A fronte delle 25.539 domande raccolte nel 2022 dalle 47 Università in tutto il Paese, quest’anno gli aspiranti infermieri si fermano a 22.870, mentre i posti disponibili sono saliti proprio per la forte necessità di avere più professionisti nei prossimi anni da 19.375 a 19.860 con un incremento tutto sommato modesto e che, sempre a livello nazionale, non copre il numero complessivo delle domande, anche se in netto calo. 

C’è, naturalmente, da tenere conto della scrematura affidata agli esami di ammissione che iniziano domani, ma lo scenario che si delinea è preoccupante. “Purtroppo le scarse reali opportunità di carriera, nonostante i contratti di lavoro ne consentano l’attuazione, gli stipendi tra i più bassi in Europa e uno scarso riconoscimento sociale stanno rendendo la professione infermieristica sempre meno attrattiva tra le giovani generazioni”, spiega Ivan Bufalo, presidente dell’Ordine degli infermieri del Piemonte, dove è notevole il calo delle iscrizioni per tutte le professioni sanitarie. 

Nella regione scendono da 4.051 dello scorso anno alle attuali 3.768 con una perdita del 7% a fronte di una modesta riduzione di 24 posti negli atenei che pone comunque il Piemonte in una posizione anomala, condivisa solo con le Marche, rispetto agli incrementi nel resto dell’Italia.

“Il calo delle iscrizioni è un segnale di pericolo che va colto”, osserva Francesco Coppolella, segretario regionale di Nursind, uno dei sindacati di categoria. “Vediamo un numero crescente di infermieri che vanno a lavorare all’estero, un aumento delle dimissioni volontarie senza precedenti e se a questo si aggiunge che l’età media degli infermieri è piuttosto alta, si comprende come la diminuzione degli infermieri nei prossimi anni confermi che siamo di fronte a una crisi annunciata e sottovalutata da una politica irresponsabile che metterà seriamente in crisi il nostro sistema sanitario”.

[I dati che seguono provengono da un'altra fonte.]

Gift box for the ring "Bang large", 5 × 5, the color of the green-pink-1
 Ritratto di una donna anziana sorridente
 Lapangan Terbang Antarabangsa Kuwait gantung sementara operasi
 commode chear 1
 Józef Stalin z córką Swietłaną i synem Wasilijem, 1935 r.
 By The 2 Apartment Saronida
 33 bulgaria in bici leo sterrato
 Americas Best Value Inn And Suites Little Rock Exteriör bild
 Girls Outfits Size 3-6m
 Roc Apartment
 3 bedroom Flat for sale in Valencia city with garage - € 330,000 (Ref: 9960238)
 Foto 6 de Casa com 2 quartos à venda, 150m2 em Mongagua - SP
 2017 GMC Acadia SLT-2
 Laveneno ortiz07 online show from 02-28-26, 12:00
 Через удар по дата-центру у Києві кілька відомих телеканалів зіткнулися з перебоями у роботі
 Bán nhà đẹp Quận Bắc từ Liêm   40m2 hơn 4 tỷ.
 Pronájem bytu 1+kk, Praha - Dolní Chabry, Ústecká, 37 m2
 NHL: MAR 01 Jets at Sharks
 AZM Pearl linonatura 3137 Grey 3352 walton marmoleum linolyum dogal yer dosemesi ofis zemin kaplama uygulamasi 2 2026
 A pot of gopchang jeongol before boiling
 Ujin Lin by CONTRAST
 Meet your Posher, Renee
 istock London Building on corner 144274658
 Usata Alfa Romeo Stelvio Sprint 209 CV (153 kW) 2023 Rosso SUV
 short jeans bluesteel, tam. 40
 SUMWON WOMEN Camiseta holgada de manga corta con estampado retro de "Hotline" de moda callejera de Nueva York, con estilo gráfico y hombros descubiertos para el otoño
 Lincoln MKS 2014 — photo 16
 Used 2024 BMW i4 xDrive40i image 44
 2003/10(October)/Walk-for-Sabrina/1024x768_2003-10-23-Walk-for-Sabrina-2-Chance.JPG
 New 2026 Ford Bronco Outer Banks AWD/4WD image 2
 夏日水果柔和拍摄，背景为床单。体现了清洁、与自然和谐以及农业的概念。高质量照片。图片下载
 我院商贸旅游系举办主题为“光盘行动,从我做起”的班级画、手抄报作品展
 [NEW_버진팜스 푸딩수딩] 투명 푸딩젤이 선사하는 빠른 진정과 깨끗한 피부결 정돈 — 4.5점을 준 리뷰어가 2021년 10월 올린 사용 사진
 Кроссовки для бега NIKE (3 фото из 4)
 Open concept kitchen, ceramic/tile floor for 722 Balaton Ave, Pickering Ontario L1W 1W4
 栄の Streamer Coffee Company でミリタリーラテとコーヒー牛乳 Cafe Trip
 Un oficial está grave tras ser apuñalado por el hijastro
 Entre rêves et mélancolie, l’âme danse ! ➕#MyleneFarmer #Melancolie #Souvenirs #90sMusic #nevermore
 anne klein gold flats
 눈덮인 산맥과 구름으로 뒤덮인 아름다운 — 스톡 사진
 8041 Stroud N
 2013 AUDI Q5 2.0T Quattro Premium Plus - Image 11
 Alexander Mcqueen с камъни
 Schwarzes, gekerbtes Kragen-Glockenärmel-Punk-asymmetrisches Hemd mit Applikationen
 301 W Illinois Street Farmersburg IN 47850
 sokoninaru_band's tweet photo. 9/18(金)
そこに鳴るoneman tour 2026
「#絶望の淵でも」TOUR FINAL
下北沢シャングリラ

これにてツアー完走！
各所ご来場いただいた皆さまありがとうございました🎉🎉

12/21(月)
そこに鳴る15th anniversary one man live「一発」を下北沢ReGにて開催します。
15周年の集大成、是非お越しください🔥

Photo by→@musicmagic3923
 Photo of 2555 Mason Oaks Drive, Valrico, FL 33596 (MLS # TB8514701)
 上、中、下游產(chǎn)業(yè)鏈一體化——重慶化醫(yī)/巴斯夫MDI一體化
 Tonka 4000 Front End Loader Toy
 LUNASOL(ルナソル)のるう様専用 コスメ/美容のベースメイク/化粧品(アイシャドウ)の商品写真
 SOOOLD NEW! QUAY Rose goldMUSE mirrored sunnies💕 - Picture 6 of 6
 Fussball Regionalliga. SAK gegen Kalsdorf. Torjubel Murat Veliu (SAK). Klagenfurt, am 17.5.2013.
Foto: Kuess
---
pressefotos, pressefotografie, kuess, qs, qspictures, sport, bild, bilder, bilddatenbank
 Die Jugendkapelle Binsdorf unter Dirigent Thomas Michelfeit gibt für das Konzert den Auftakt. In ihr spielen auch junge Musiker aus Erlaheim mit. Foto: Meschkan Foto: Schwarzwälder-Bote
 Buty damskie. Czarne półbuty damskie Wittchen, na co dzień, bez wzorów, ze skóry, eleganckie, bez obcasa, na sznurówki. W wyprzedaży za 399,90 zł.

Un sistema, ancora una volta, con profonde differenze nel Paese. Indicativo il fatto che sia il Nord a segnare un tasso più negativo sulle domande per accedere ai corsi (-8.9%) rispetto al Sud dove ci si ferma al 6,1%. Ed è la Calabria con ben il 29,6% insieme solo al Molise e all’Umbria a vedere crescere gli aspiranti infermieri rispetto all’anno passato. A parte la piccola realtà del Trentino che accusa una riduzione del 41,9%, tra le regioni che devono fare i conti con una scarsa propensione a intraprendere gli studi infermieristici ci sono quelle più virtuose sul fronte sanitario, come il Veneto (-11,8%), la Toscana (-11,2%), l’Emilia-Romagna (-8,8%) e la Lombardia (8,5%). “Senza infermieri l’Italia non avrà più un servizio sanitario degno di questo nome – avverte Barbara Mangiacavalli, presidente della federazione degli Ordini degli infermieri –. Ci aspetta una lunga stagione assistenziale e non saremo più in grado di garantire salute a tutti”.